Começávamos uma longa jornada de gravações pelo interior do Rio Grande do Sul. A realização de um sonho profissional, a oportunidade de estar perto das pessoas e contar suas histórias, o que mais amo fazer. Mas eu estava angustiada. Não sei se com o tamanho do desafio e a vontade de fazer dar certo ou com a saudade do Martin. Longos períodos assim afastada do meu filho, de sete anos, sempre geram uma certa apreensão.
Passei a noite acordando, com a TV ligada. E mesmo que só fôssemos sair para gravar às 10h, acompanhei o nascer do sol. Às 7h, estava absolutamente desperta. Fiz uma chamada de vídeo com o pequeno que estava indo para a escola, e segui, ali, naquela angústia que não passava.
Depois de dias de chuva, o sol aparecia no céu da cidade de Farroupilha, na Serra. Na mala, entre equipamentos e figurinos, tinha tênis e roupa de ginástica.
Não havia vontade real de sair, mas me vesti, coloquei um podcast no fone de ouvido e fui caminhar, intercalando alguns pequenos trechos de corrida. Deparei com um parque: um lago no meio refletia o sol, e conforme eu ia percorrendo aquele espaço, meu ânimo ia mudando. O corpo em movimento, o suor, o ventinho e o papo animado tocando no som foram me transformando. A cada passo o movimento de corrida foi ficando mais natural e tranquilo. Eu quase conseguia sentir as coisas ruins indo embora, ficando pelo caminho.
Grandes corredores, maratonistas ou ultramaratonistas relatam que entram em uma espécie de transe nas provas — no extremo esforço, as dores são aplacadas através da conexão com a mente. Amigos, conhecidos e corredores amadores sempre me contam que usam o momento da corrida para "colocar as ideias no lugar". Nunca tinha entendido. Até aquele dia.

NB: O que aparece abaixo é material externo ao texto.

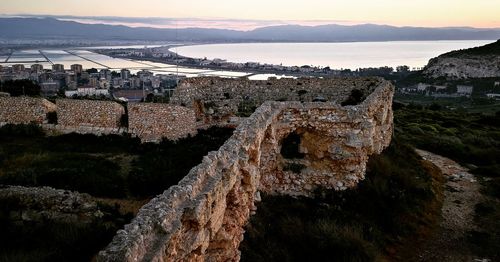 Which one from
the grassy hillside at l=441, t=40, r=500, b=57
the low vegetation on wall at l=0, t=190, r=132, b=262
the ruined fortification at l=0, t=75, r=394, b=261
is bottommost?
the low vegetation on wall at l=0, t=190, r=132, b=262

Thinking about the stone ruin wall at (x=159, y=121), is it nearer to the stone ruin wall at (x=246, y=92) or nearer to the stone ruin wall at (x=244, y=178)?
the stone ruin wall at (x=246, y=92)

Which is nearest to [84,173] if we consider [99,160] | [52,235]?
[99,160]

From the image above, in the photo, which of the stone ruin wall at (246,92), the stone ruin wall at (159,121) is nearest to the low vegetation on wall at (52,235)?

Voltei para o hotel. Tomei um banho. E saí para trabalhar sendo uma pessoa completamente diferente daquela que tinha acordado. Muito mais leve. Tenho certeza que foi o efeito do exercício físico, que, pela primeira vez em meus 37 anos, não veio acompanhado de sofrimento.
A corridinha descompromissada em meio ao trabalho na Serra foi resultado de uma decisão tomada na primeira consulta com o oncologista depois do fim da parte mais intensa do meu tratamento para o câncer de mama. E reforçada em outubro do ano passado, na primeira edição da série Caminhos para a Vitória, do Globo Esporte, de que o exercício físico precisa fazer parte da minha vida.

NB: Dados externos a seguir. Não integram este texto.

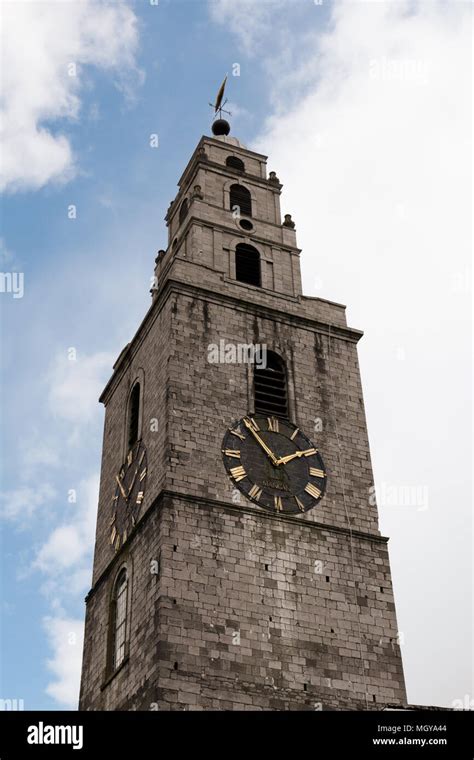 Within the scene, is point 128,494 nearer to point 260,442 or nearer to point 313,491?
point 260,442

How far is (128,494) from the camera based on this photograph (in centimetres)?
3156

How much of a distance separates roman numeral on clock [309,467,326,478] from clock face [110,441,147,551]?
4577mm

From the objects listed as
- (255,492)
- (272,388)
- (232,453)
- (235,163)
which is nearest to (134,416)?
(272,388)

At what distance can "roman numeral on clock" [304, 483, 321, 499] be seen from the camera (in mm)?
30406

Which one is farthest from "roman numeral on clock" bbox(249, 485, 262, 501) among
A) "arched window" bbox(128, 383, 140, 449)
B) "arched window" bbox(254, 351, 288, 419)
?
"arched window" bbox(128, 383, 140, 449)

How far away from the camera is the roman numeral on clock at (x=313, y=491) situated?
3041 cm

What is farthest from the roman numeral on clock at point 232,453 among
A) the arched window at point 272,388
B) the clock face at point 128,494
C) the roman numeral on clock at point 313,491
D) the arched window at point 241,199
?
the arched window at point 241,199

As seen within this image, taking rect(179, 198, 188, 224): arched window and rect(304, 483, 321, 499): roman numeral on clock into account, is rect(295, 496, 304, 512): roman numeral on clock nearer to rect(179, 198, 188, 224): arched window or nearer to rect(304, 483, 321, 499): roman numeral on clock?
rect(304, 483, 321, 499): roman numeral on clock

Saí pra correr naquele dia. Improvisei um treino dentro do quarto quando choveu. Usei a salinha de ginástica de outro hotel pra me mexer. E a cada "sim" para o exercício me sentia mais preparada. A musculatura tem que estar forte para a corrida não ser sacrifício. A corrida ajuda a ganhar resistência para outras tantas atividades.
Nessa semana me matriculei em uma aula de dança. Na rotina de cuidar de casa, trabalhar, dar conta dos meus afazeres e de um filho pequeno, às vezes, fica bem difícil acreditar que cabe um tempinho para o exercício. Mas aprendi que precisa caber. É a nossa saúde. Física e também mental.
Com este pensamento começo a segunda temporada de Caminhos para a Vitória, que estreou essa semana no Globo Esporte, na RBS TV. Será uma jornada mais longa e completa, de seis meses com esse espírito. Esse novo Caminhos tem a proposta de nos preparar para a cobertura da Copa do Mundo no Catar. Será mais uma experiência desafiadora, longe do filho, com as angústias ali prontinhas pra tomar conta. Mas já aprendi: vou levar um tênis de corrida na mala, ele pode salvar o dia.